- Cover to the Japanese VHS release of Spanking Love (1995)
- Directed by: Shōji Tanaka
- Written by: Kenichi Yamakawa
- Produced by: Issei Hashiguchi
- Starring: Toshio Kakei; Kumi Shiraishi; Yoshiko Yura;
- Cinematography: Kōichi Saitō
- Edited by: Toshirō Matsutake
- Music by: CO Fusion
- Production company: Japan Home Video
- Distributed by: Daiei
- Release date: May 6, 1995;
- Running time: 100 minutes
- Country: Japan
- Language: Japanese

= Spanking Love =

Spanking Love (スパンキング・ラブ) is a 1995 Japanese erotic film directed by Shōji Tanaka and based on a story by Kenichi Yamakawa.

==Synopsis==
Ryō Masuda (Toshio Kakei) is a director of S&M movies who asks a woman he meets on a crowded street to star in one of his films. The woman, Yumi Sakata, accepts on a whim but her expressive features—in particular, her eyes—make that particular low-budget production into an unexpected hit. Ryō is attracted to her but feels there is something dangerous or evil about her and does not want to have anything more to do with her. However, it is not that simple.

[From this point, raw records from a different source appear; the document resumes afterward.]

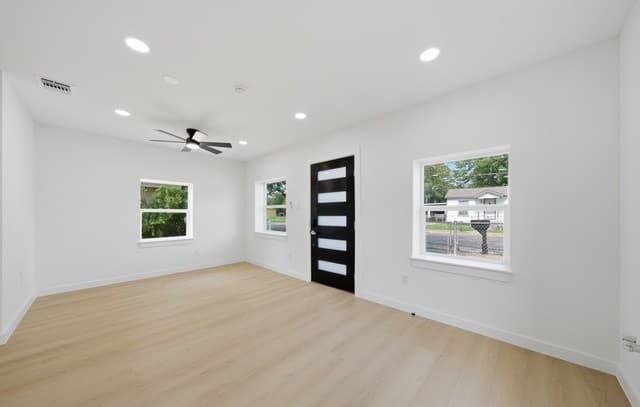 3-bedroom rental at 1604 Calle Valencia in San Antonio, TX — photo 4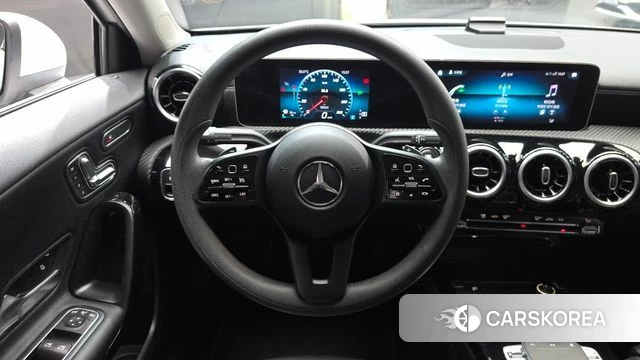 Mercedes-Benz A-Class W177 2020 Белый из Кореи, фото 3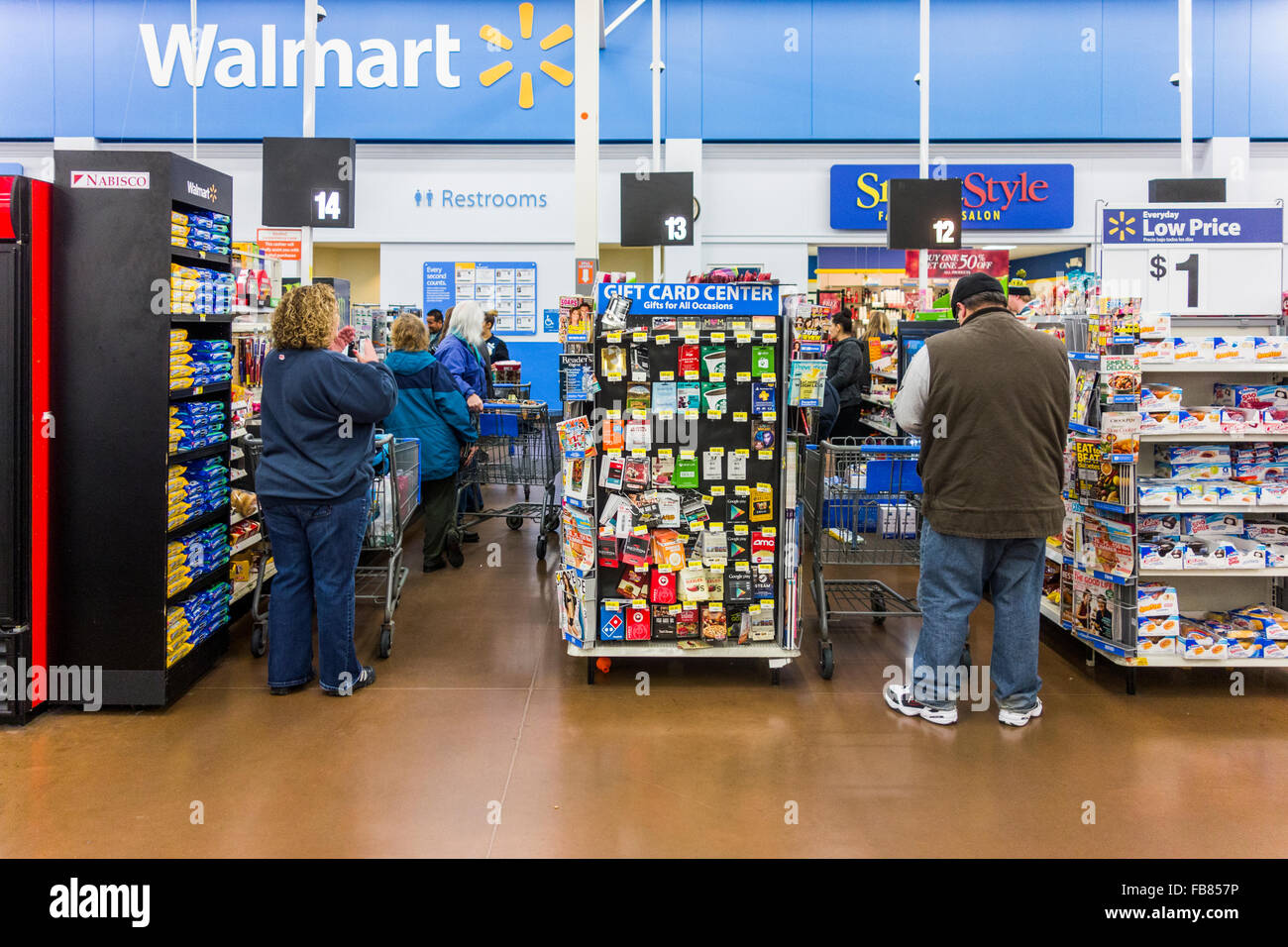 Acquista la linea, Walmart Store, Pasco, nello Stato di Washington, USA Foto Stock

Ryō's girlfriend, Mayumi, is a dominatrix who services a very powerful man. Mayumi's client, Mr. Okonogi, wants Yumi to work in an S&M show club he owns. Mayumi fears she may be "sacrificed" if Mr. Okonogi doesn't get want he wants and she begs Ryō to find Yumi and persuade her to go to the S&M club.

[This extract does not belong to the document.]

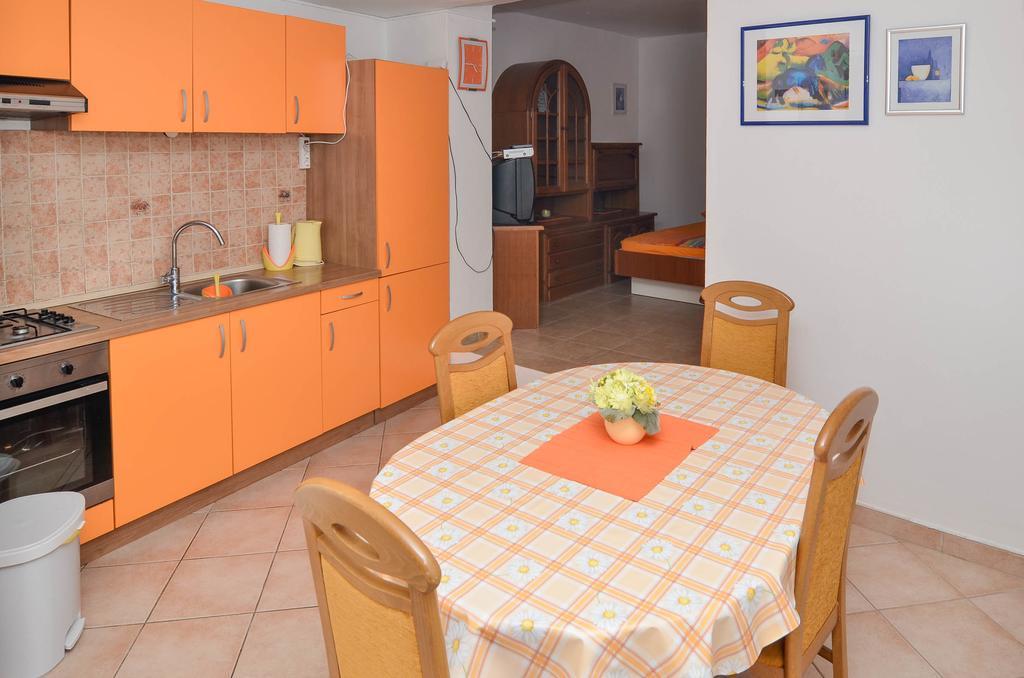 Apartments Karla Orebić Pokoj fotografie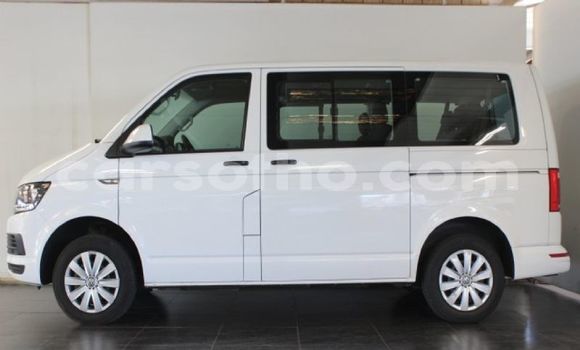 اشتري مستعمل Volkswagen Multivan White سيارة في Maseru في Maseru اشتري مستعمل Volkswagen Multivan White سيارة في Maseru في Maseru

Ryō finally persuades Yumi to go to the club with him and Mayumi by telling her that he loves her and that Mayumi is an ex-girlfriend from a long time ago. Yumi becomes a star dominatrix (even through the film Ryō made showed her being whipped rather than whipping submissives as she does at the club).

Ryō finds himself torn between his feelings for Mayumi and Yumi's expectations. He also stands to make a considerable amount of money as Yumi's "manager" and companion.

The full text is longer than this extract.